El kirchnerismo vivió su “malestar partidario” y ensayó en los primeros años algunas variantes transversales y/o concertadoras que no pudieron prosperar. La primera (transversalidad), sepultada en el final trágico de Aníbal Ibarra como jefe de gobierno “progresista” de la ciudad autónoma. La segunda (la concertación plural), fundida en la traición de Cobos a la lealtad partidaria suscitada en la elección de 2007. Sin embargo, en su camino ripioso de luchas anti corporativas, la preexistencia peronista partidaria ha sido para el kirchnerismo un atajo de gobernabilidad tanto como un punto muerto a la hora de construir la organización “propia”. El PJ funciona asegurando demasiadas cosas como para hacer el gasto de construir algo alternativo a él, con sus espaldas institucionales (gobernaciones, intendencias, sindicatos). El deseo de “superación” parece haber decantado finalmente en la consolidación de una fuerza propia al interior de ese subsistema (lo que en un momento se llamó, ¿se llama?, Unidos y Organizados).

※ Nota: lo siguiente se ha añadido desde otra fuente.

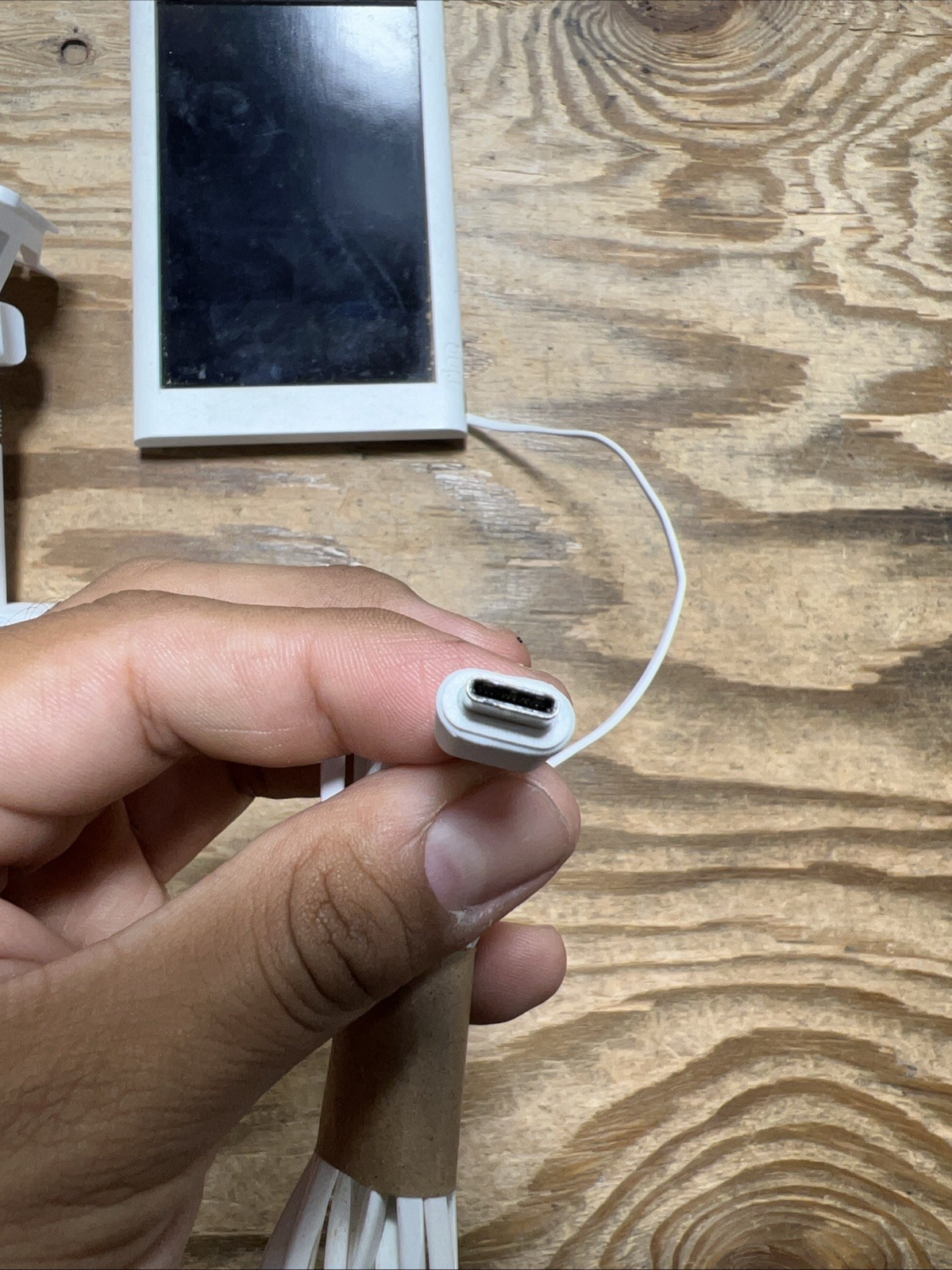 ​Ring Small Solar Panel 1.9W USB-C White for Stick Up Cam & Spotlight Cam 5F78E9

La militancia política encomiada como uno de los activos del gobierno, no tiene una cultura política electoral. Eso disoció la estrategia electoral de la vida cotidiana del gobierno (proyecto). La visibilidad de una Diana Conti, un Kunkel o incluso un Kicillof se sobresaltó durante las campañas electorales cuando “otros”, como los Insaurralde, y siempre Scioli, eran incitados a la caza y recolección del voto. Pero los “fierros” son los votos. Y en elecciones el kirchnerismo más puro se vio obligado a participar del esfuerzo electoral y ha tenido mucho más protagonismo camporista en algunas intendencias o provincias (Julián Álvarez en Lanús, Máximo Kirchner en Santa Cruz, etc.).
En la Argentina subsiste todavía una idea que combina principios y estado gaseoso, ya que si bien los liderazgos ostentan líneas ideológicas (Cristina, Macri), la existencia más plena de un partido funcionaría como contención pero también como límite, es decir, le daría a la política mayor previsibilidad, rutinas, tiempos institucionales contrarios al manejo exclusivo del tiempo y la decisión. ¿Queremos una política relativamente más horizontal y organizada? Un horror para el populismo teórico o para los asesores posmodernos.